Caption-style text data:
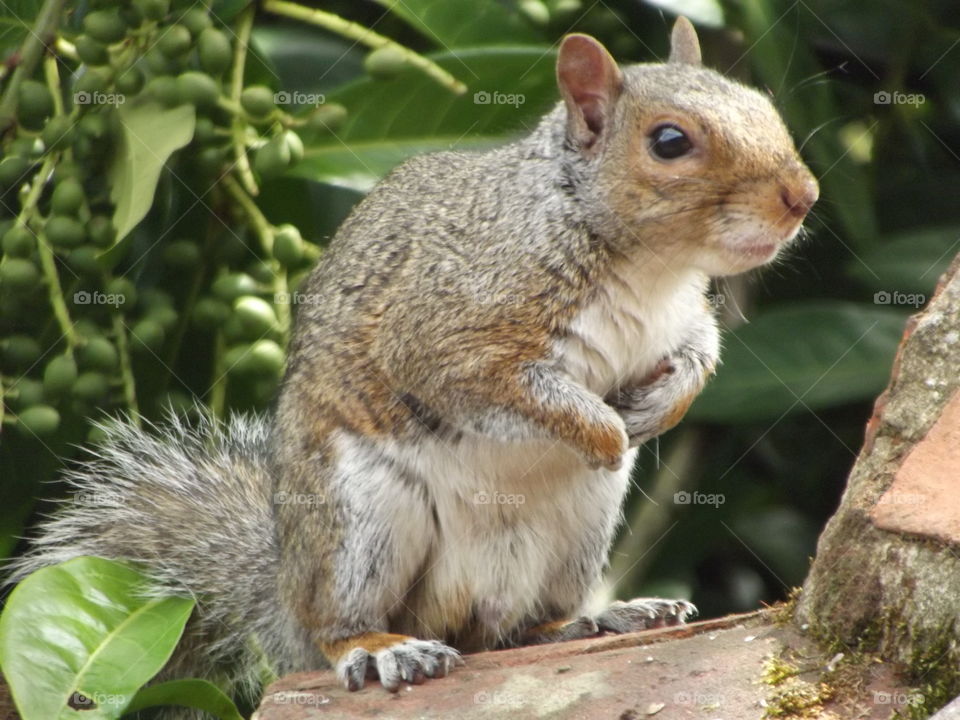 Squirrel Sat On The Roof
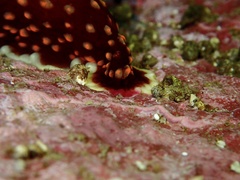 Nembrotha yonowae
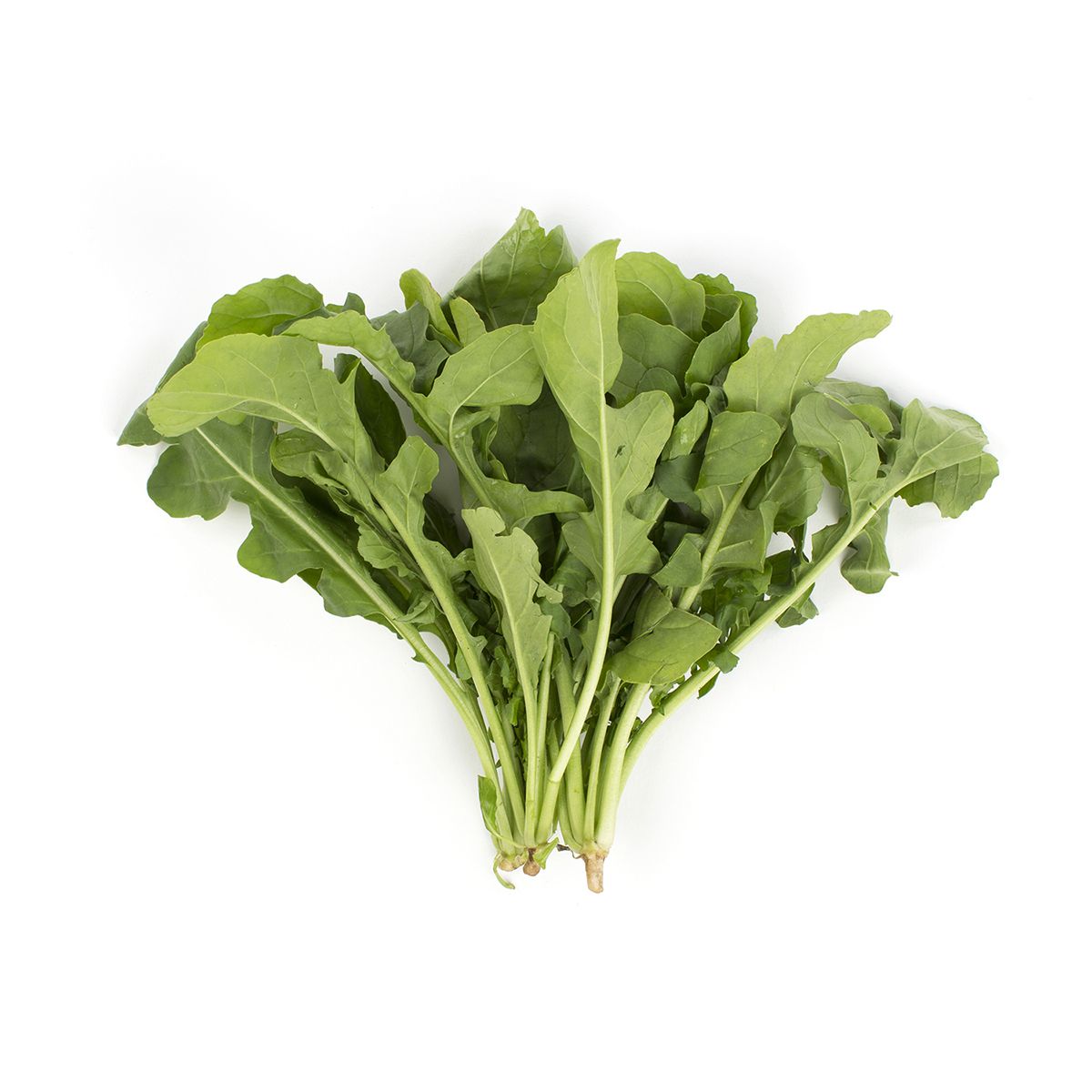 Bunched Arugula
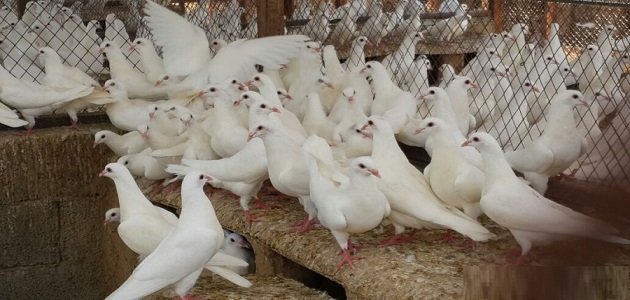 تربية الحمام اللاحم في المنزل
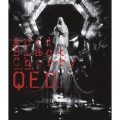 Acid Black Cherry 2009 tour "Q.E.D."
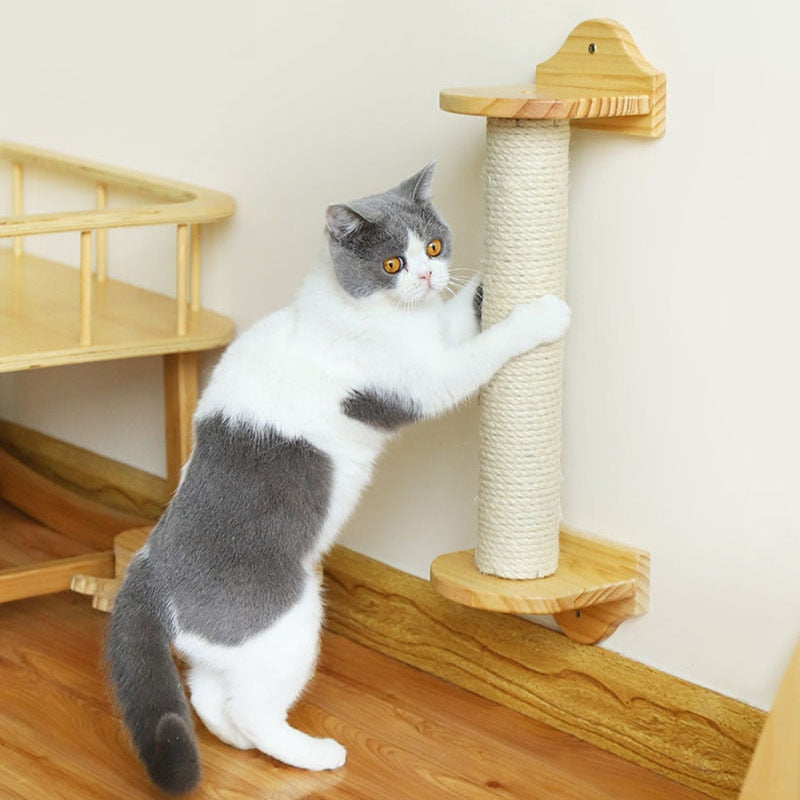 Smart Cat Scratching Post - Cat scratching post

▶ **What is needed**:
If an entry holds a picture, leave the picture out and repeat the rest exactly.

▶ **Response to this task**:
 Squirrel Sat On The Roof
 Nembrotha yonowae
 Bunched Arugula
 تربية الحمام اللاحم في المنزل
 Acid Black Cherry 2009 tour "Q.E.D."
 Smart Cat Scratching Post - Cat scratching post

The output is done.